House and Senate Democrats strongly support the idea, and Kyl is a close ally of Senate Minority Leader Mitch McConnell (R-KY), which means the Senate GOP isn't likely to be a problem. So Gingrey and his fellow House GOP physicians may hold the key to the final piece of the puzzle -- he said Majority Leader Eric Cantor (R-VA) wants the Doctors Caucus to "take the lead" on this issue.
And he's not the only key House Republican warming up to the war savings fix.
"I think SGR is getting some legs. We've got to find a way to get rid of that," Rep. Phil Roe (R-TN), vice chair of the Doctors Caucus, told TPM on Tuesday. "Will it be the Overseas Contingency Operations? I'm very strongly leaning in that direction, absolutely."
The OCO fund is estimated to be between $600 to $800 billion in the upcoming budget estimate, a senior White House official told TPM. President Obama wants to use as much as half of that to fund new infrastructure projects, which would leave enough money to take SGR off the books.
Although the prospect isn't yet a done deal for the House GOP caucus, "I think there's been some movement," Roe said. "I spoke to Senator Kyl's staff yesterday, and there's talk going on in our conference now about that very thing."
So why such a sharp turn in such a short time?
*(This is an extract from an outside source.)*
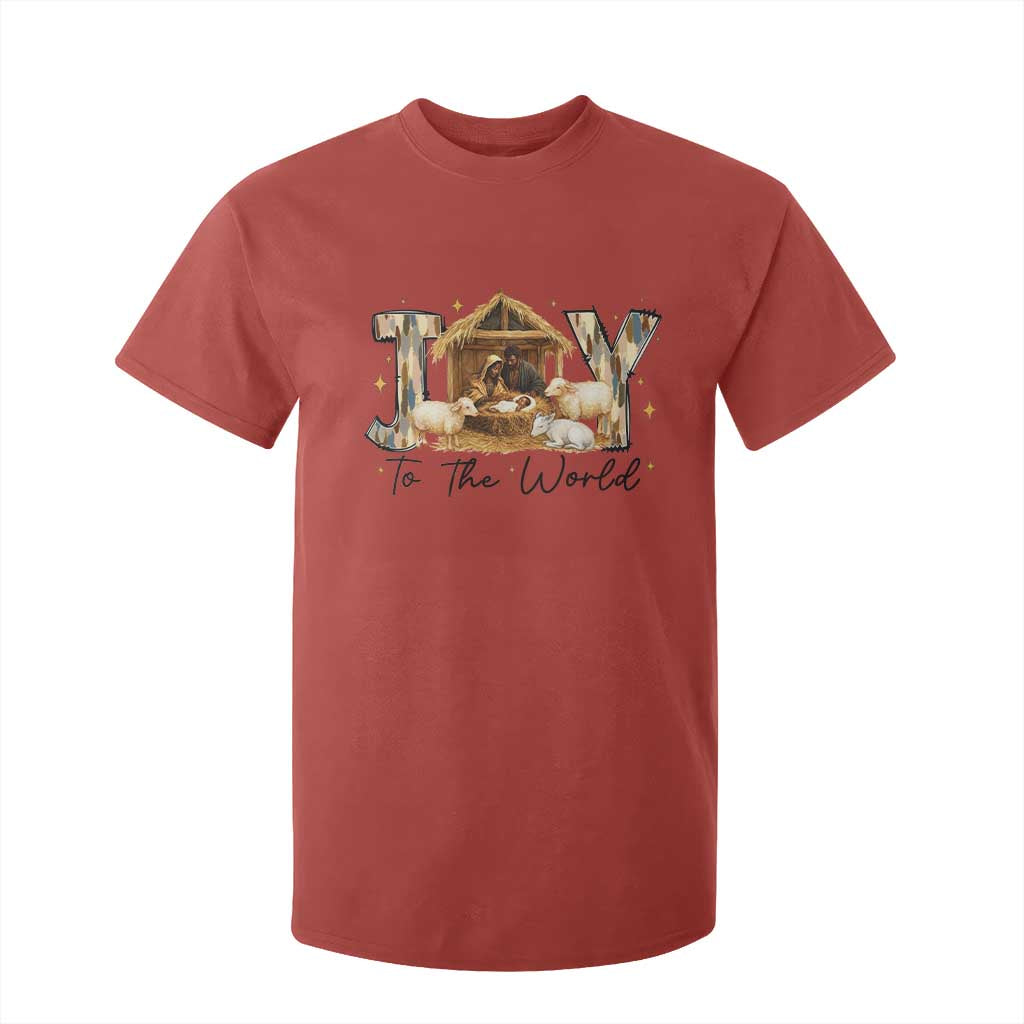 African American Christmas Nativity Scene T Shirt For Kid Joy To The World Afro Black Jesus - African Pride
A major reason is that doctors and other health industries are growing apoplectic about the uncertainty and price hikes of short-term patches, and they've been relentlessly lobbying Congress to adopt the OCO offset for months. As physician lobbyists see it, the war savings fund is a once-in-a-generation opportunity to essentially find that sum of money without having to cut spending or raise taxes.
House Republicans were holding out last year to pay for a "doc fix" with cuts to health care and other programs they've long wanted to shrink. But the conversation has shifted away from budget cutting, and it's dawning on the GOP that their wishes won't all come true while Democrats control the White House and Senate. So the war savings offset suddenly looks more enticing, particularly considering that Republicans don't want to damage their image with the influential physician community.
Proponents of the idea also like to point out that House Republicans used war savings as an offset in the Paul Ryan budget they passed last spring.
Congress delayed the SGR's 27.4 percent doctors pay cut until March in the December payroll tax package. And while another short-term patch may be possible, the urgency of scrapping the formula is growing, and the OCO plan is the only one on the table for doing so anytime soon.
"And so all of us are talking, and we are going to take up the challenge that [Cantor] has issued to us, and we're going to do it this year," Gingrey told TPM. "It's time for us to deliver on that promise."